Compression (generally) deals with random signals. Consider the problem of trying to compress many IID (jointly) Gaussian random vectors with zero mean and some covariance matrix. In lossy compression, you generally try to compress to as few bits as possible subject to a distortion constraint. Intuitively, allowing more distortion generally allows you to compress to fewer bits. The study of lossy compression is also known as "rate-distortion theory" because of the focus on this tradeoff.

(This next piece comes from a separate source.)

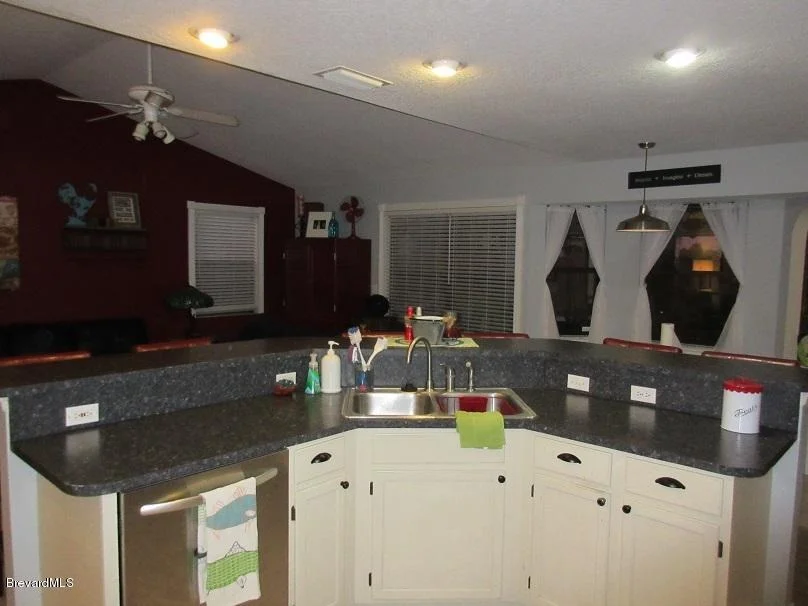 Photo of 1854 Thesy Drive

In the gaussian compression setting, the canonical distortion measure is mean squared error (the expected value of the squared euclidean distance between your source (input) and reconstruction (decompressed output)). It turns out that the optimal tradeoff is (relatively) easy to describe if the covariance matrix the Gaussian is diagonal (meaning the components are independent). More-or-less, the math tells you that the optimal compressor for our problem should "drop" all components with a variance below some computable constant and to have your decompressor output "0" for these components. For the rest of the components, the optimal compressor allocates more bits for the components with higher variance.

Now assume you're trying to compress IID Gaussian random vectors with a general covariance matrix $\mathbf{K}$. Since the covariance is PSD, we can always write $\mathbf{K} = \mathbf{U}\mathbf{\Lambda}\mathbf{U}^{T}$ where $\mathbf{U}$ is an orthogonal matrix and $\mathbf{\Lambda}$ is diagonal. If $\mathbf{x}_t \sim \mathcal{N}(\mathbf{0},\mathbf{K})$ and $\mathbf{y}_t = \mathbf{U}^T\mathbf{x}_t$ then $\mathbf{y}_t\sim\mathcal{N}(\mathbf{0},\mathbf{\Lambda})$. So if our compressor first transforms the $\mathbf{x}_t$s into the basis where the covariance is diagonal (by multiplying by $\mathbf{U}^T$) , we can then focus on compressing the $\mathbf{y}_t$s, which is easier since they have a diagonal covariance matrix. If $\mathbf{\hat{y}}_t$ denotes the reconstructed $\mathbf{y}_t$, we can compute the reconstructed $\mathbf{x}_t$ via $\mathbf{\hat{x}} = \mathbf{U}\mathbf{\hat{y}}_t$.

Often, in compression the general technique of describing some signal in another spectral basis is essentially an attempt to make the problem look more like the problem of compressing Gaussian random vectors with a diagonal covariance matrix. In general we don't know the covariance matrix of our source, so finding a basis where the covariance is diagonal (or, if you like, sparse) is tough to do. For images, it turns out that things like the discrete cosine transform work well for this purpose. For different classes of images, different transforms might work worse or better.

Another (probably more important) reason spectral decompositions are used in compression is that the "mean squared error" distortion metric isn't that useful when dealing with things like multimedia signals. For me the audio example is easier to grasp- we can't hear above and below certain frequencies so just "deleting" the spectral content at those frequencies doesn't actually increase the perceptible "distortion". For images, I'd imagine this is even more complicated.

If you have any knowledge of information theory, you should check out chapter 10 in Elements of Information Theory by Cover and Thomas. If you've never done any info theory before, I guess you might be able to figure out the general idea of chapter 10 if you read chapters 2, 8, 9 and 10. The book "Digital Signal Compression" by Pearlman is probably quicker to the punch here.